**EXERCISE PROMPT:** Once the line containing "Sale 30% T-Shirt, short" is found in the records below, return it and each following line exactly, up to and including the line containing "Fototapeta premium First", and nothing else.

**EXCERPTED RECORDS:**
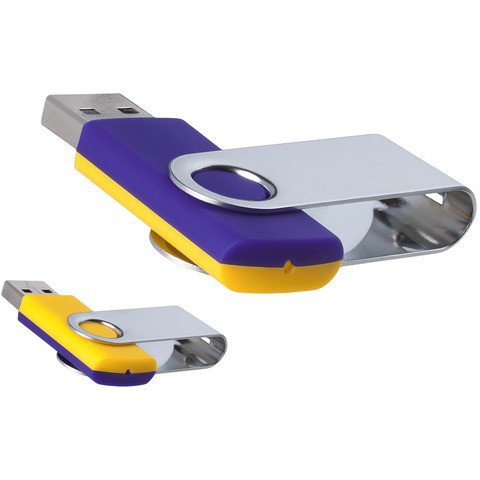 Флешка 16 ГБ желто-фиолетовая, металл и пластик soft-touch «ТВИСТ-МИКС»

* * *

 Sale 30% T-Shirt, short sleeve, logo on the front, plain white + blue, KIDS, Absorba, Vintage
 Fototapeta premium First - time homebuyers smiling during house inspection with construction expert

**TASK OUTPUT:**
 Sale 30% T-Shirt, short sleeve, logo on the front, plain white + blue, KIDS, Absorba, Vintage
 Fototapeta premium First - time homebuyers smiling during house inspection with construction expert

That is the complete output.